Court of Appeal of Louisiana, First Circuit
Dec 23, 2008
No. 2008 KA 1136 (La. Ct. App. Dec. 23, 2008)

Opinion

No. 2008 KA 1136.

December 23, 2008. NOT DESIGNATED FOR PUBLICATION.

ON APPEAL FROM THE SEVENTEENTH JUDICIAL DISTRICT COURT (NO. 439715, DIV. A), PARISH OF LAFOURCHE STATE OF LOUISIANA HONORABLE JOHN E. LEBLANC, JUDGE.

Camille A. Morvant, III, District Attorney, Mark D. Chiasson, Thibodaux, Louisiana, Counsel for Plaintiff-Appellee State of Louisiana.

Frank Sloan, Mandeville, Louisiana, Counsel for Defendant-Appellant Daniel Rhodes.

BEFORE: KUHN, GUIDRY, AND GAIDRY, JJ.

Disposition: CONVICTIONS AND SENTENCES AFFIRMED.


Defendant, Daniel Rhodes, was charged by bill of information with one count of unauthorized use of a motor vehicle (count I), a violation of La.R.S. 14:68.4; one count of illegal possession of stolen things (value over $500) (count II), a violation of La.R.S. 14:69; one count of aggravated escape (count III), a violation of La.R.S. 14:110; one count of unlawful use or possession of body armor (count IV), a violation of La.R.S. 14:95.3; and one count of possession of a firearm by a convicted felon (count V), a violation of La.R.S. 14:95.1, and initially pled not guilty. Thereafter, pursuant to a plea agreement, he pled guilty to counts I, III, and V, and the State nol-prossed counts II and IV. On count I, he was sentenced to ten years at hard labor. On count III, he was sentenced to ten years at hard labor to run consecutively to the sentence imposed on count I. On count V, he was sentenced to ten years at hard labor without benefit of probation, parole, or suspension of sentence to run consecutively to the sentences imposed on counts I and III. He moved for reconsideration of the sentences, but the motion was denied. He now appeals, contending in his sole assignment of error that the sentences imposed were unconstitutionally excessive. We affirm the convictions and sentences.

FACTS

Due to defendant's guilty pleas, there was no trial, and thus, no trial testimony concerning the facts of the offenses.
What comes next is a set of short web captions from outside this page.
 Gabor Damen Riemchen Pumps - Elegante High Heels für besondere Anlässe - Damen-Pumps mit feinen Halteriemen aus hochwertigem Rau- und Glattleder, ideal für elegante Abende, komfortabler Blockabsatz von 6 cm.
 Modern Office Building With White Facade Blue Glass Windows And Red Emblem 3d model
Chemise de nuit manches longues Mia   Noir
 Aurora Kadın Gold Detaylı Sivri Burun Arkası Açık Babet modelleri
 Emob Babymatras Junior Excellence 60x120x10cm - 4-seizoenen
But the State set forth that on December 5, 2006, within the jurisdiction of Lafourche Parish, defendant committed unauthorized use of a motor vehicle, aggravated escape, and intentional and illegal possession of a firearm after pleading guilty to burglary, under Superior Court of Columbia County (Georgia) Docket # 2003-CR-566, on October 28, 2003 at the Boykin hearing. Defense counsel indicated that, on the basis of his investigation of the facts and discussions with defendant, he was satisfied that all of the necessary elements of Counts I, III, and V were present in the case. Defendant agreed that the State could prove the elements of Counts I, III, and V if the matter proceeded to trial.
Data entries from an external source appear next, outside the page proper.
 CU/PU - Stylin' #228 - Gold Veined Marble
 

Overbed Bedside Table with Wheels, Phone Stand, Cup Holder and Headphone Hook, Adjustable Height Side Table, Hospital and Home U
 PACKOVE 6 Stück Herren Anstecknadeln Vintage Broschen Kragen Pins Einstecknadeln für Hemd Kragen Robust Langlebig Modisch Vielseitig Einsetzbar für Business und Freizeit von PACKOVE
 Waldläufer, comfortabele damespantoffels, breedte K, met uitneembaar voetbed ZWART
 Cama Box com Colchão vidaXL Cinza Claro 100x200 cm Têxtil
Boykin v. Alabama, 395 U.S. 238, 89 S.Ct. 1709, 23 L.Ed.2d 274 (1969), requires that a trial court ascertain, before accepting a guilty plea, that the defendant has voluntarily and intelligently waived his right against compulsory self-incrimination, his right to trial by jury, and his right to confront his accusers. Boykin only requires a defendant be informed of these three rights. "Its scope has not been expanded to include advising the defendant of any other rights which he may have, nor of the possible consequences of his actions." State v. Smith , 97-2849, p. 3 (La.App. 1st Cir. 11/6/98), 722 So.2d 1048.
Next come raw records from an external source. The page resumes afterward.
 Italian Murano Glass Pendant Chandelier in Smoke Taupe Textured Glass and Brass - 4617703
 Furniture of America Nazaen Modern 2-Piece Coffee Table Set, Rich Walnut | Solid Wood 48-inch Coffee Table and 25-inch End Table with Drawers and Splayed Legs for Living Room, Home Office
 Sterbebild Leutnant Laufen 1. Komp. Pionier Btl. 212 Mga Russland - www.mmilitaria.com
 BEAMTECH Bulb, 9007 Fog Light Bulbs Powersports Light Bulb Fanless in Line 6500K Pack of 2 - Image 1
The record indicates that on December 5, 2006, Lafourche Parish Deputies Roland Guillot and Bridget Rupe responded to a report that a blue 1999 Chevrolet pickup truck had been stolen from the Express Stop across from Country Club Subdivision in Thibodaux. The deputies quickly located defendant driving the stolen vehicle and initiated a traffic stop of the vehicle. While Deputy Guillot was in the process of handcuffing defendant, defendant's cousin, Robert Alan Power, drove by the scene in a white Chevrolet pickup truck and began firing on the deputies with a shotgun. Deputy Guillot was struck in the back, and Deputy Rupe was shot in the arm. Power then turned the white Chevrolet around and made a second pass by the scene, firing again, and yelling to defendant to get into the vehicle with him. Both men escaped but were apprehended approximately three hours later. Defendant was wearing a Kevlar vest (a bullet-proof vest) at the time of his arrest. After he had been advised of his Miranda rights, defendant indicated that he and Power had stolen the white Chevrolet from their grandfather in Georgia and were on their way to California to work. They also had stolen a shotgun from their other grandfather's hunting camp. After sleeping in the lot of the Express Stop because they awoke and, realizing they were low on fuel, planned to steal another vehicle or use the shotgun to rob someone. Defendant drove off in the blue Chevrolet after the driver fueled the vehicle and left it running while he went into the store. Power drove off in the white Chevrolet.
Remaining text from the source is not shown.